Le parole di Giobatta lo colpiscono come un pugno allo stomaco. Una smorfia di dolore gli contrae il volto, lo riporta indietro a quel terribile giorno. Il turbinio di ricordi gli rimbalza nel costato. Abbassa la testa e inspira profondamente, cercando di placarlo.

- È passato più di un anno. La vita va avanti...

Alza lo sguardo, che è diventato cupo. Giobatta osserva il precoce imbiancamento dei capelli e le profonde rughe ai lati della bocca di Anselmo.
- Sei venuto da me solo per dirmi questo? - chiede, più contrariato che perplesso.

- No, no. Ma visto che sono qui, volevo scusarmi per non essere venuto al funerale della bambina.

- C'era tua moglie, se non ricordo male. - dice Anselmo con un tono di voce secco.

- Sì, ma...

- E adesso dimmi cosa sei venuto a fare. Non ho molto tempo - borbotta Anselmo, incrociando le braccia sul petto.

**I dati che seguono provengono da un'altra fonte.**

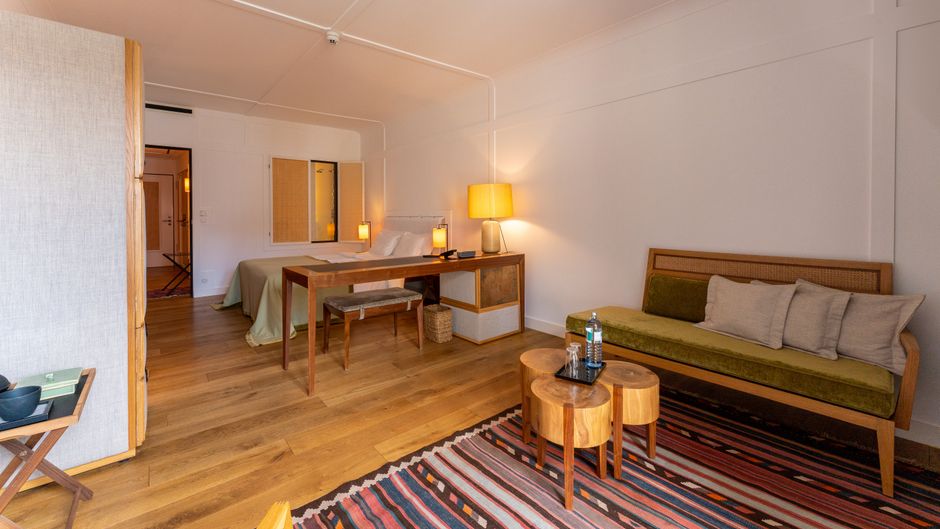 Louis Hotel Room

Giobatta si morde un labbro, imbarazzato.

- Ho bisogno di un favore.

Anselmo lo fissa con aria interrogativa.

- I nostri padri erano molto amici, ogni tanto si beccavano, ma si rispettavano e si stimavano. - prosegue Giobatta, notando l'irritazione di Anselmo. Forse non è stata una buona idea venire qui, si dice, agitandosi sulla sedia.